Nvidia Unveils Vera Rubin Architecture at CES 2023

Nvidia made waves this week in the tech world with its announcement of the new Vera Rubin architecture. This groundbreaking announcement happened at the Consumer Electronics Show (CES) in Las Vegas. This overall architecture consists of the Vera CPU, the Rubin GPU along with four specialized chips for high-speed networking. When combined, they will transform…

Tina Reynolds Avatar

By

Nvidia Unveils Vera Rubin Architecture at CES 2023

Nvidia made waves this week in the tech world with its announcement of the new Vera Rubin architecture. This groundbreaking announcement happened at the Consumer Electronics Show (CES) in Las Vegas. This overall architecture consists of the Vera CPU, the Rubin GPU along with four specialized chips for high-speed networking. When combined, they will transform computing power as we know it — particularly artificial intelligence. With game-changing performance metrics and cost-efficiency features, the Rubin architecture will be available to customers later this year.

The Rubin GPU is at the center of this new architecture. For example, it features a mind-blowing 50 quadrillion floating-point operations per seconds (petaFLOPS) for 4-bit calculation. It brings some phenomenal performance with it, like hitting 10 petaflops equivalency on Nvidia’s last Blackwell architecture. Its true potential becomes apparent when performing transformer-based inference workloads, such as those found in large language models. This jump in processing power is intended to meet the need of the increasing demand in AI and machine learning applications.

Enhanced Performance and Cost Efficiency

Nvidia’s named Vera Rubin architecture and positioned it as the avenue for enterprises to start making the most of their AI workloads. Combined with other advancements, the architecture provides up to a ten-fold improvement in inference costs, democratizing access to high-performance computing. It allows training high-performance generative AI and foundation models with only one-fourth of the GPUs previously needed. This improvement is a major step forward above the previous Blackwell micro-architecture.

>Gilad Shainer, Nvidia’s senior vice president of networking, toiled for years to raise awareness of the ongoing transformation within the industry. “Two years back, inferencing was mainly run on a single GPU, a single box, a single server,” he stated. He went on to say that today’s trends support distributed inferencing. This method looks rack-wide rather than confined to a single piece of gear.

Shainer elaborated on the architectural design, stating, “The same unit connected in a different way will deliver a completely different level of performance.” Internally, Nvidia hails the principle of “extreme co-design.” From a research perspective, they advance hardware and network capabilities in parallel to ensure the highest efficiency and performance are realized.

Advanced Networking Capabilities

The networking components are integral to the Vera Rubin architecture. The architecture features several networking chips that enhance data flow and connectivity. Among these is the ConnectX-9, a networking interface card that reduces latency and increases bandwidth among components. Additionally, the BlueField-4 data processing unit works in tandem with two Vera CPUs and a ConnectX-9 card, enabling rapid processing and data transfer.

The Spectrum-6 Ethernet switch, an additional key component of the Rubin architecture. By taking advantage of co-packaged optics, it makes data transmission between racks and ultimately ensures that information can flow seamlessly across hundreds of data centers. SmartNICs support Nvidia’s argument for moving more operations off of GPUs and into the networking infrastructure.

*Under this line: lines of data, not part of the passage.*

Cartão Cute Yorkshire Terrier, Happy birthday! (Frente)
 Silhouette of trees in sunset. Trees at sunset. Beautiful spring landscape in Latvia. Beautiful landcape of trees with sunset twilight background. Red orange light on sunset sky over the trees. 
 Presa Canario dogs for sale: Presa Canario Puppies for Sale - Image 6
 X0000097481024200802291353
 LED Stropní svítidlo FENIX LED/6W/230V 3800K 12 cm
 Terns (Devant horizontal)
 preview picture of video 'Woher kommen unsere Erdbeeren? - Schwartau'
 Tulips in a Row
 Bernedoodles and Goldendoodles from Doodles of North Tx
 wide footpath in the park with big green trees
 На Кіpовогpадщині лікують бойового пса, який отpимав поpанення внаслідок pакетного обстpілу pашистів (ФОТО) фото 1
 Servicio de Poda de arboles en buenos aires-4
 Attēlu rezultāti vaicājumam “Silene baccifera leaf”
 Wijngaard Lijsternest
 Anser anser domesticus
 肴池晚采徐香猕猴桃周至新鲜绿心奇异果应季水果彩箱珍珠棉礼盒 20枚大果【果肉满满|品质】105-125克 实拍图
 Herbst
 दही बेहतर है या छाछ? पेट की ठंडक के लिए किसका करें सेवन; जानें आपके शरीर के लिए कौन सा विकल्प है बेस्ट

Shainer explained the necessity of this approach: “It doesn’t stop here, because we are seeing the demands to increase the number of GPUs in a data center.” He made the case that 100,000 GPUs is not cutting it for some workloads anymore. Consequently, we’re being challenged to connect many more data processing centers to meet the exponential processing requirements of the future.

Future Implications for AI Workloads

The introduction of Nvidia’s Vera Rubin architecture signals a significant shift in how AI workloads will be managed in the future.

Collaborative ecosystems
Organizations are more dependent than ever on collaborative distributed systems. Their ability to connect multiple GPUs and take advantage of improved networking capabilities will be key to their success.

Shainer highlighted this shift by stating, “Right now, inferencing is becoming distributed, and it’s not just in a rack. It’s going to go across racks.” This development means that companies will have to rethink their physical infrastructure to support these needs.

The Vera Rubin architecture features a state-of-the-art design with a focus on efficiency. This strategy has made Nvidia the dominant player in AI hardware. As it prepares for release later this year, companies will undoubtedly be eager to explore how this technology can enhance their operations and reduce costs.